Turnout Was Equal to or Slightly Higher Than 2004

New numbers are in for the 2008 voter turnout. So much for the vaunted youth and new voters:
WASHINGTON (CNN) – A new report from American University’s Center for the Study of the American Electorate concludes that voter turnout in Tuesday’s election was the same in percentage terms as it was four years ago — or at most has risen by less than 1 percent.

The report released Thursday estimates that between 126.5 and 128.5 million Americans cast ballots in the presidential election earlier this week. Those figures represent 60.7 percent or, at most, 61.7 percent of those eligible to vote in the country.

“A downturn in the number and percentage of Republican voters going to the polls seemed to be the primary explanation for the lower than predicted turnout,” the report said. Compared to 2004, Republican turnout declined by 1.3 percentage points to 28.7 percent, while Democratic turnout increased by 2.6 points from 28.7 percent in 2004 to 31.3 percent in 2008.

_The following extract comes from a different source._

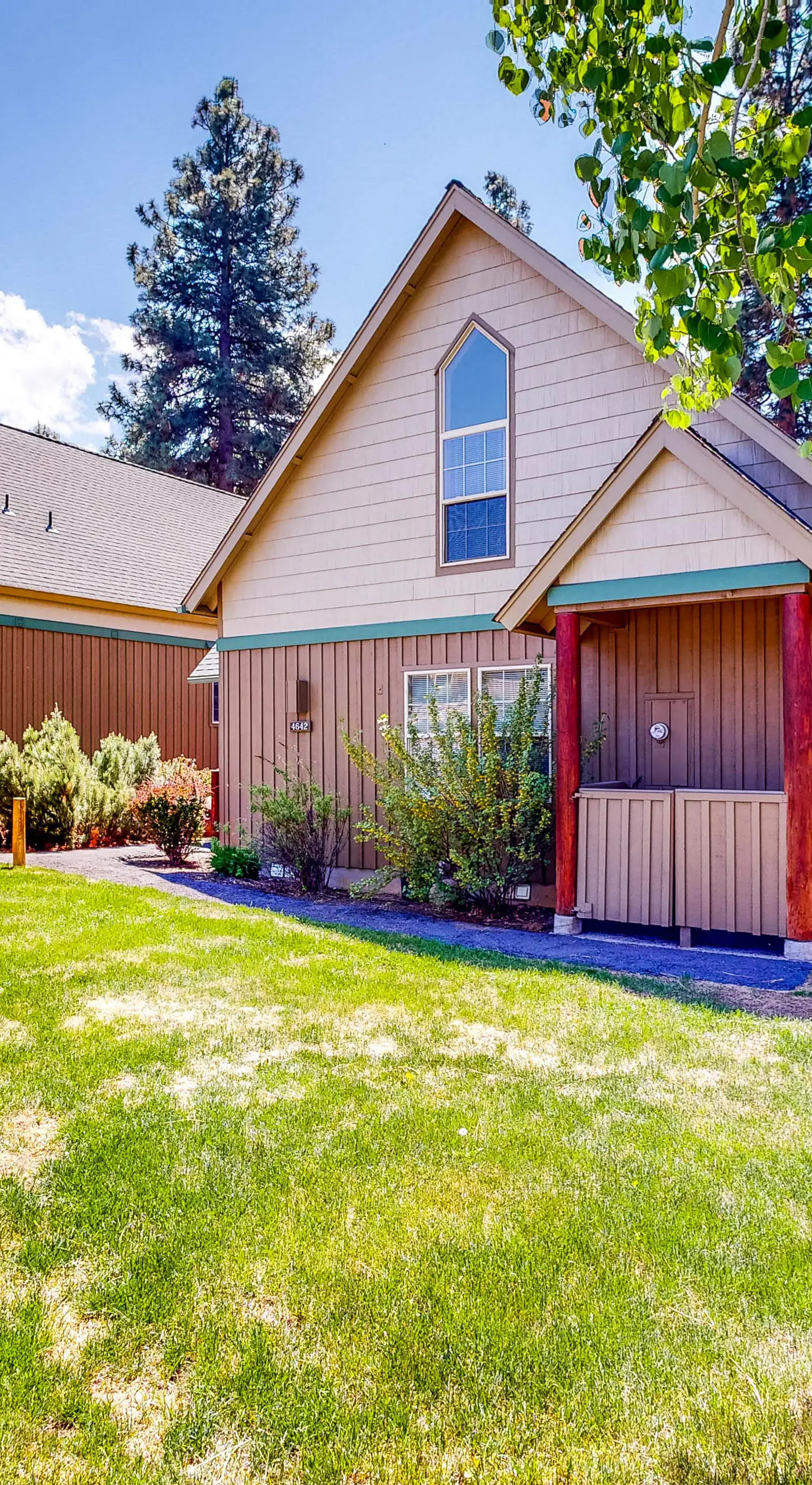 Gateway to Crater Lake! Resort Retreat w/ Pool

And here's another interesting stat from the exit polling as reported by Gerard Baker in London:
Most remarkably, for all the transformation in US politics wrought by the past four years, Americans themselves do not seem to have undergone any great ideological conversion. In 2004 exit pollsters asked voters how they would identify their politics. The answers were 21 per cent liberal (Left), 45 per cent moderate, 34 per cent conservative. On Tuesday, the same question elicited these responses: 22 per cent liberal, 44 per cent moderate, 34 per cent conservative. President Obama and his jubilant supporters in Congress will surely not need reminding that this is still a centre-right country.

The question is whether the definition of moderate has shifted a lot farther to the left, which I suspect it has. However, a far left agenda will not gain the kind of nationwide support the Democrats might hope for. They're going to have to play it down the middle if they don't want a GOP wave in 2010.